Chen later met Jay Leyda, an American film student who was studying with the Soviet director Sergei Eisenstein. They fell in love and honeymooned in Leningrad before moving in 1937 to New York City, where Leyda was hired as an assistant film curator at the Museum of Modern Art. Because of the Chinese Exclusion Act, Chen had to leave the United States every six months and reapply for re-entry.

In New York, Chen joined the socialist New Dance Theater and finalized her repertoire, which included dances celebrating the poor and working-class of China (a beggar girl, a “rickshaw coolie”) and condemning bourgeois types (“a jingoistic American lady” and “that very ‘arty’ type of artist,” as she wrote in her notes). She also introduced American audiences to dances from Soviet Central Asia.

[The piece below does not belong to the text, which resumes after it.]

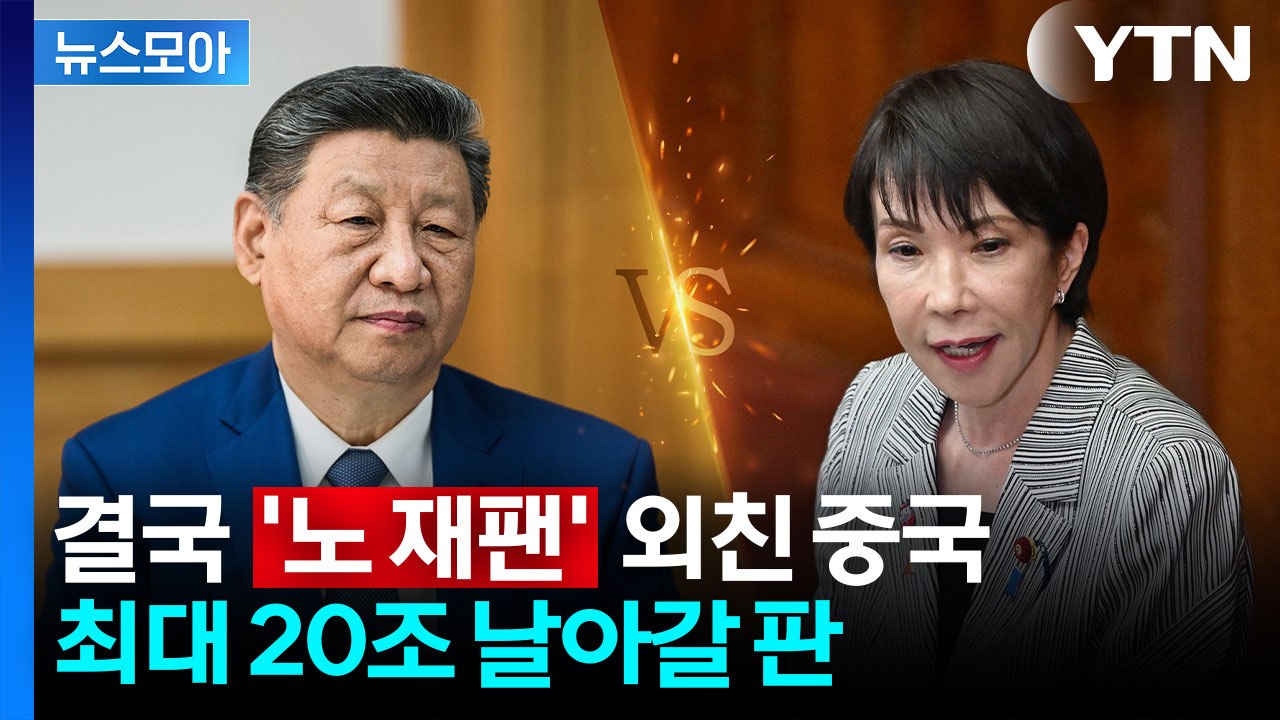 [뉴스모아] "일본 가지 마!" 단단히 화난 중국…다카이치 발언 여파로 경제 '휘청'...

During the Second Sino-Japanese War (1937-45), she went on tour across the United States to raise money for the China Aid Council. An article about Chen ran in The New York Post with the headline, “Chinese Girl to Fight Japs with Dance of Propaganda.”

Despite her efforts to steer conversations toward the struggles facing the poor, reporters, show promoters and colleagues continued to sexualize and exoticize her. A flier for a 1938 performance hosted by the American League for Peace and Democracy read, “Spend ‘A Night in China’ with Si-lan Chen, Exotic Danseuse.” John Martin of The New York Times said of her New York debut that year: “She presents an attractive appearance, with a trig little figure and a lively and animated face. Her movement is crisp and smart and sure, with something of the characteristic clarity and precision of her race.”

Chen returned to now Communist-controlled China in 1959. Invigorated by what she described as a “new China, a socialist China,” she choreographed a ballet called “Hu-tung” (“Lane”), which celebrated Beijing’s street culture, with an emphasis on the games she saw children playing outside. It was accompanied by Bizet’s piano suite “Jeux d’Enfants.”

But the Chinese authorities reprimanded Chen for her choice of Western music — criticism that frustrated her because it was precisely this borrowing from and combining of cultures that was at the heart of her philosophy of dance. Further, it was how she understood her role in the world as a mixed-race socialist committed to building international solidarity.